Part of my obsession comes from the feeling that this is an extremely important and unsettled question in our field. That it’s unsettled will become clear over the course of my series of posts. That it’s important is obvious, in one way, inasmuch as we think it’s important to teach any class well. But it also seems to me important for a reason that’s less obvious and perhaps might be questioned. For it seems to me of value to the field to have some kind of shared core curriculum that we teach our students, and that, ultimately, we expect scholars in other areas of philosophy to have some grasp of.

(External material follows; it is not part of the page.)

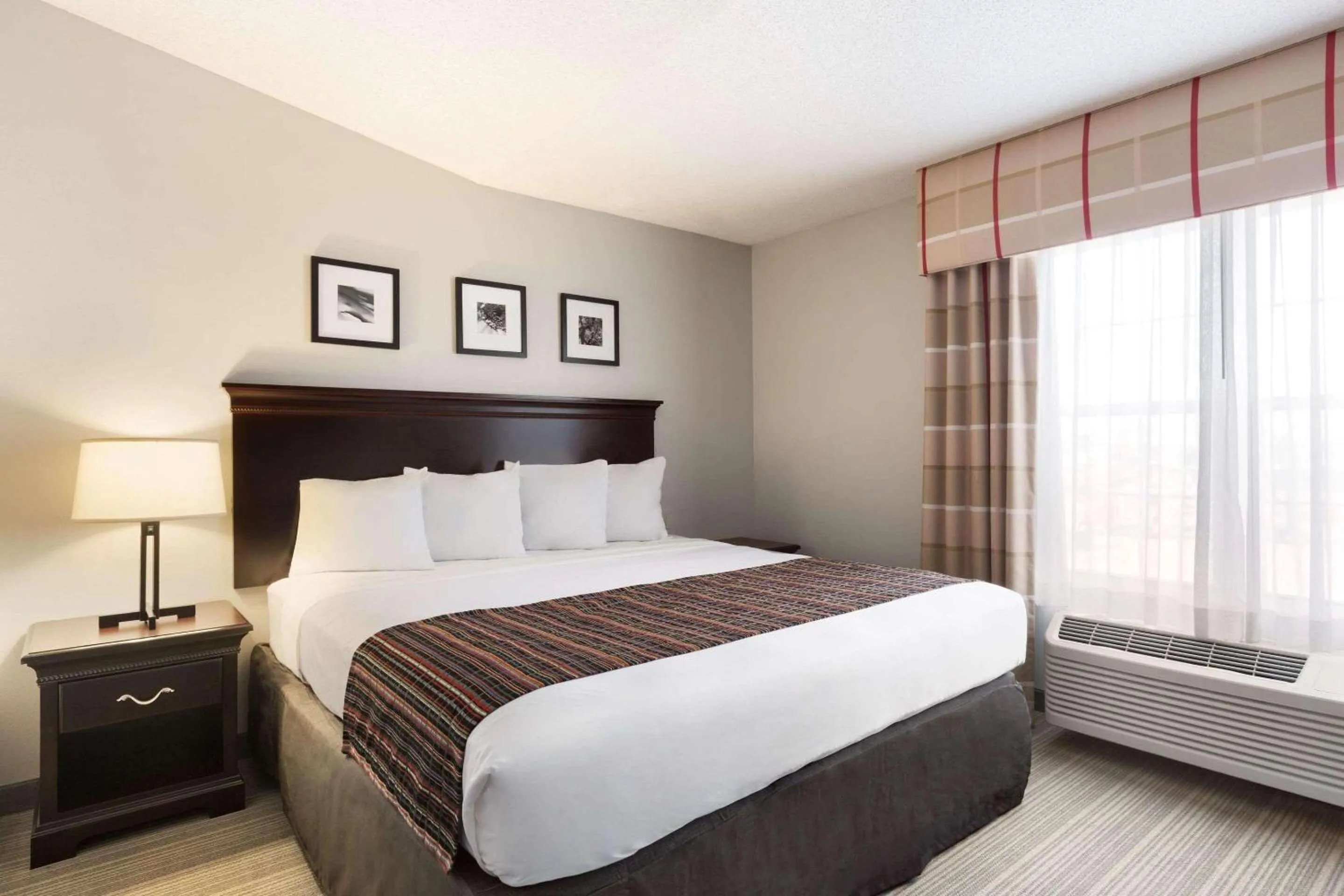 Bedroom, Bed in Country Inn & Suites by Radisson, Kearney, NE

As things are, there certainly is no such common core. Perhaps the only text from medieval philosophy that philosophically educated folk can be expected to know about is Anselm’s ontological argument. Beyond that, there’s just a whole lot of more or less obscure stuff, from among which we pick and choose in making up the curriculum for a medieval survey. (And perhaps we don’t even pick the ontological argument, on the grounds that this will get covered in a philosophy of religion class.)

It may be quixotic to think that anything like a shared consensus will emerge over some canonical group of texts. But the more interesting question is whether I might be quite misguided in supposing that such a thing would be desirable. For there is certainly room to wonder whether, instead of bemoaning the lack of a canonical core, we should instead celebrate the splendid freedom that allows us to teach a huge variety of material without feeling any pressure to cover the supposedly greatest hits. And if you are suspicious about the cultural and political pressures that, in other domains, have created our rigid canons of great books, then you might think that the last thing we should be doing is trying to impose such a canon on medieval philosophy.

So there’s a thought one might have. Yet although I see the force of it, I don’t think it’s of such force as to undermine the original thought that it would be desirable for we the experts to coalesce at least a bit around those works that we regard as most important to teach from within our field. To the extent we have political worries about a canon, then those worries should inform the choices we make, so that, in particular, we give a healthy weight to non-Christian material, and take seriously the question of whether any women should get into the curriculum. To the extent we’re worried about our autonomy, well, that seems misguided, inasmuch as we as individuals can of course always make whatever modifications we feel like making, semester by semester.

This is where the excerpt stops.